第17回 言語聴覚士国家試験 第172問
第17回 言語聴覚士国家試験 第172問(言語発達障害学)の正答は 4 です。数量概念の指導内容で適切でないものを問う。
- 1.指を3本建てる動作を模倣する。
- 2.カードに書かれた丸の数と同数のおはじきを選ぶ。
- 3.大人が立てた指の数と同数のおはじきを選ぶ。
- 4.11~20まで復唱する。 ✓
- 5.文字単語と絵とのマッチング
正答:4番
初回正答率 64.7%標準
68人の初回解答から算出(2026年8月1日時点)
同じ利用者の2回目以降の解答は除外しています(再挑戦を含めると正答率は実力より高く出るため)。
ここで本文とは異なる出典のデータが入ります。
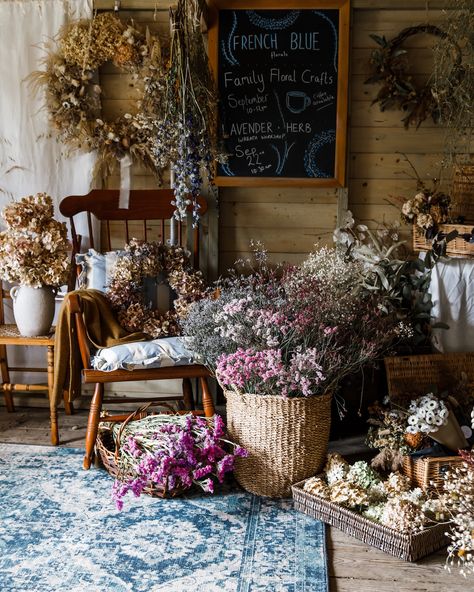 Dried Flowers Aesthetic, Dried Floral Arrangements, Flower Shop Interiors, Drying Flowers, Dried Florals, Flower Store, Dried Bouquet, Vintage Bath, Flower Studio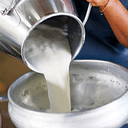 6th Traditional Festival 'Back to the Old Days – Flavours of Milk' in Linou-Flasou villages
国家試験の公式発表値ではなく、STカコモンで実際に解かれた記録にもとづく数値です。
数量概念の指導内容で適切でないものを問う。この児は1~10を数唱できるが「3個ちょうだい」がわからず、数(量)と対応づける集合数の理解が育っていない。11~20の復唱は数唱(暗唱)の延長にすぎず、量の理解を育てる指導としては適切でない。
【各選択肢の解説】
1.指を3本立てる動作を模倣する:❌適切。数を身体で表す経験になる。
2.カードに書かれた丸の数と同数のおはじきを選ぶ:❌適切。一対一対応・集合数の指導。
3.大人が立てた指の数と同数のおはじきを選ぶ:❌適切。数と量の対応づけを促す。
4.11~20まで復唱する:✅適切でない(=正答)。数唱の延長で、量の理解にはつながらない。
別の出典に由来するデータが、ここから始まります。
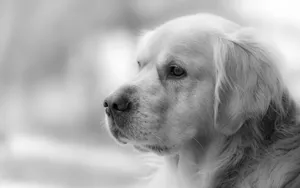 Best Dog Portrait Wallpaper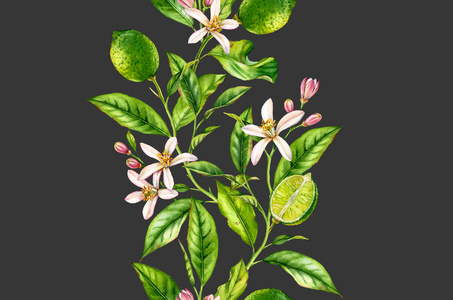 学生树叶作品柠檬果枝与花无缝边界现实植物水彩画组成:柑橘树叶孤立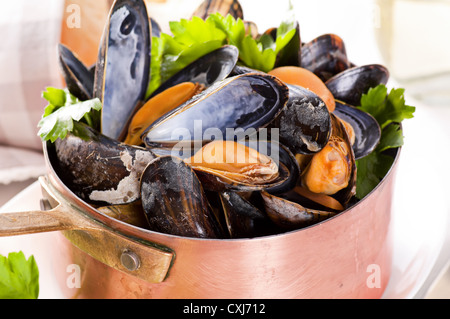 Les moules en cocotte Banque D'Images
5.文字単語と絵とのマッチング:❌(量の指導ではないが)対応づけの基礎課題で、最も不適切とまではいえない。
【試験対策ポイント】
数量概念の指導は、数唱(順に唱える)から一歩進めて、数と量を対応づける(一対一対応・同数選択・集合数)ことが核心。すでに10まで数えられる児に数唱の範囲を広げる(11~20の復唱)だけでは、欠けている「量の理解」を補えない。「数えられる」と「量がわかる」を区別し、量に結びつく課題を選ぶ。